Comment expliquez-vous cette polémique suscitée par l’introduction du dialectal au préscolaire ?

L’Algérie indépendante n’a toujours pas réglé un certain nombre de problèmes. C’est-à-dire qu’elle n’est toujours pas arrivée à un consensus qui permet la construction d’un vivre-ensemble évitant ce genre de polémiques. Politiquement, on a fait des choix qui nous ont menés à un certain nombre de dysfonctionnements et je dirais même à la violence. À partir du moment où on a opté pour le dogme de l’unique (parti unique, langue unique), on a fait comme si la diversité n’existait pas. Or, l’unité se fait aussi avec la diversité. Il ne s’agit pas de fondre tout le monde dans le même moule. Il a fallu un long combat pour faire entendre la revendication culturaliste berbère alors qu’on aurait pu éviter le drame en reconnaissant tamazight comme composante de l’Algérie et de son identité. Une identité n’est pas quelque chose de figée. Elle se construit continuellement car, elle est le produit de ce que nous sommes à chaque fois que nous évoluons.

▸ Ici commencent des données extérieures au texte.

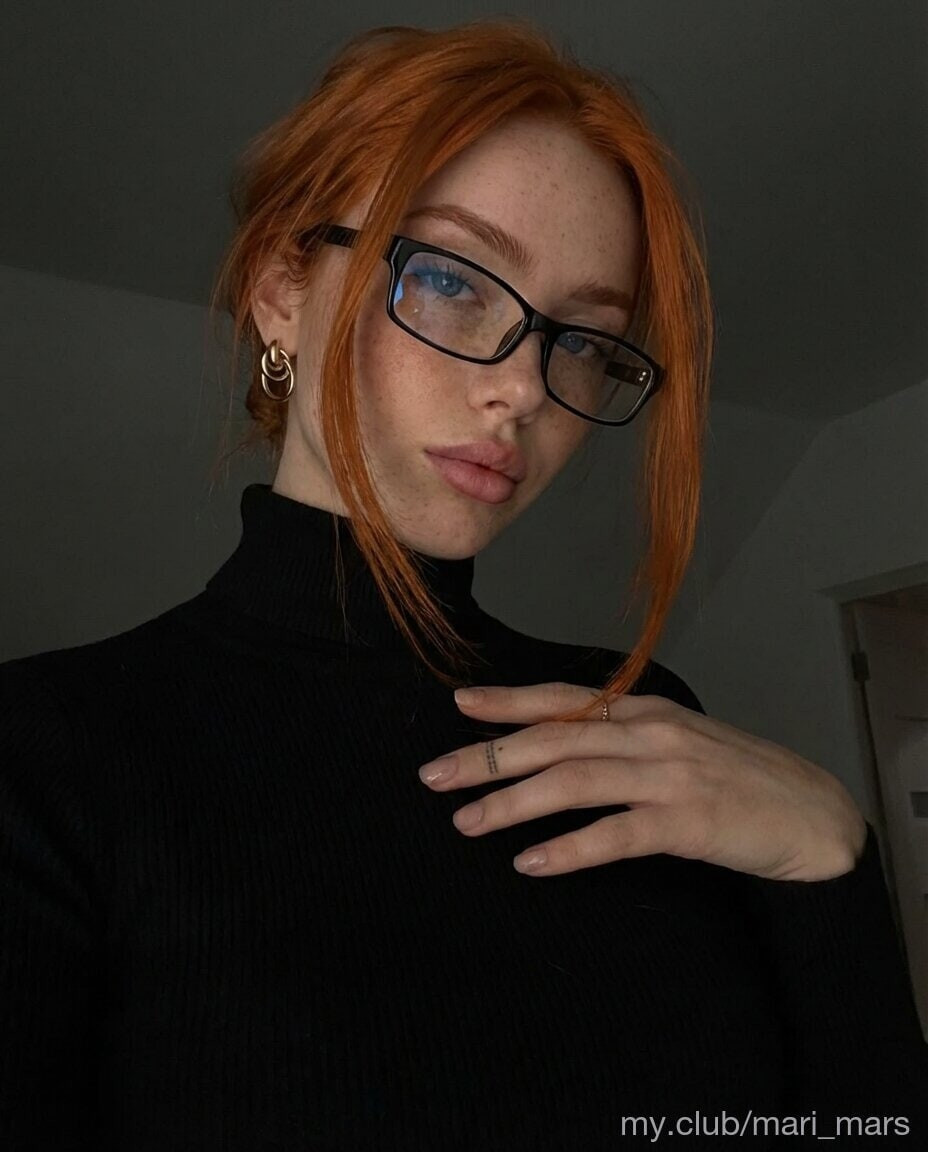 Mari🤎 Free Photos #2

Une stratégie qui a eu des conséquences désastreuses ?

Bien sûr ! On a cassé la transmission et les gens ont intériorisé l’idée qu’on parlait mal. Cela étant dit, l’histoire du pays et les soubresauts du mouvement national ont expliqué, en partie, les positions radicales que le pouvoir algérien avait prises par rapport à ces questions-là. Quand vous parlez de langue, vous parlez d’histoire, de mémoire, de religion, de culture. Par peur de la division, de la fitna, il fallait absolument que nous soyons un et semblables. Notre histoire et le choc colonial ont fait qu’on s’est arcbouté sur des positions qui ont fait de nous des intégristes de la langue. Quand on parle de notre rapport à la langue, on entend souvent cette phrase : les Algériens sont des analphabètes trilingues… C’est à la fois vrai et faux. Cela est vrai puisque nous recevons des générations d’étudiants qui maîtrisent mal les deux langues d’enseignement, l’arabe et le français. Et à la limite, je dirai que ce n’est même pas une question de maîtrise de langue mais une question de maîtrise de langage. Ayant été fondée sur la mémoire et sur la restitution, le modèle de l’école ne leur a pas permis de développer les capacités cognitives qui leur permettent d’écrire et de lire d’une manière réfléchie et rationnelle. Cela ne veut pas dire qu’ils ne sont pas intelligents. Quand on les mets dans un environnement qui leur permette d’avancer, d’apprendre les compétences fondamentales, ils s’en sortent comme tout autre enfant dans le monde. En même temps, il est faux de dire que ce sont des analphabètes trilingues parce que depuis l’indépendance, il y a eu une avancée dans la maîtrise de la langue arabe. La massification de la scolarisation a permis l’accès à la langue. Ce qui fait que les générations actuelles sont beaucoup plus arabisées que les générations de l’indépendance. Dire qu’elles sont complètement analphabètes, c’est aller vite en besogne parce qu’ils ne le sont pas. Comment vous voyez ces emprunts qu’on constate dans les discussions et les débats où les phrases commence parfois par des mots en arabe et se termine par des mots en français avec des mots en berbère au milieu ? Ce sont des phénomènes tout à fait normaux du contact des langues et qui ont existé depuis la nuit du temps. Dans le Coran, il y a des mots étrangers. Des mots du persan ou du grec qui ont été arabisés.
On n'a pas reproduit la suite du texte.